North Allegheny's Makayla Alaquiva honored by Junior Achievement
A 10-year-old student in the North Allegheny School District is the youngest honoree for the Junior Achievement of Western Pennsylvania’s inaugural 18 Under Eighteen awards for 2022.
Makayla Alaquiva is a fourth grader at Hosack Elementary and has made caring for those in need, spreading kindness and welcoming new friends a mission.
Makayla helped to lead her school’s No Place for Hate initiative, working with fellow students to promote inclusion and diversity.
“I feel like when someone new comes into the school, no one is comfortable talking to them. We need to direct them to the right place, answer questions they have. One of the new kids is now my best friend,” she said.

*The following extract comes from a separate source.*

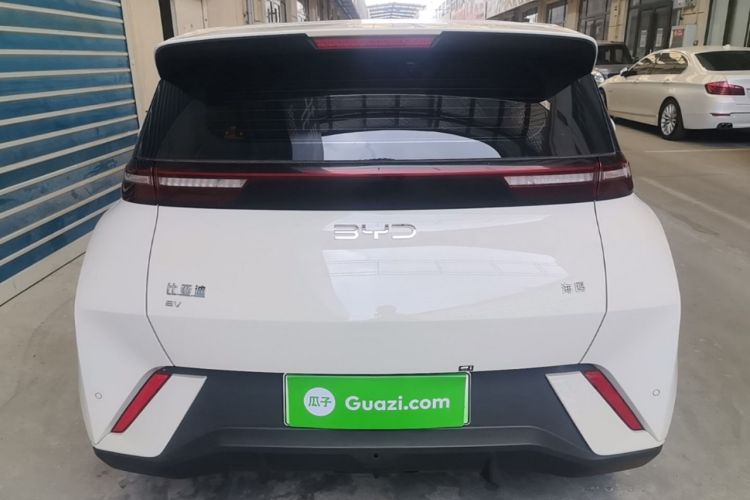 Used BYD Seagull 2025 405 km Flying Edition Rear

She has helped raise funds twice a year for the Greater Pittsburgh Community Food Bank by filming kid-geared cooking segments and commercials for the organization’s telethons and fundraisers, done in partnership with KDKA television, said her mother, Beth Burrell.
Burrell, who does marketing and public relations for the Greater Pittsburgh Community Food Bank, said Makayla was so accustomed to the work of the organization, visiting the food bank with her mom and seeing the value of helping others, that helping out with the fundraisers was a “natural fit” for her.
“She really latched onto the idea,” Burrell said.
The 18 under Eighteen awards from Junior Achievement of Western Pennsylvania and presented with NexTier Bank honor 18 notable young people from the Pittsburgh area, Western Pennsylvania and northern West Virginia. Makayla was one of 100-plus nominees, said Kim Sterling, communications and marketing manager for Junior Achievement.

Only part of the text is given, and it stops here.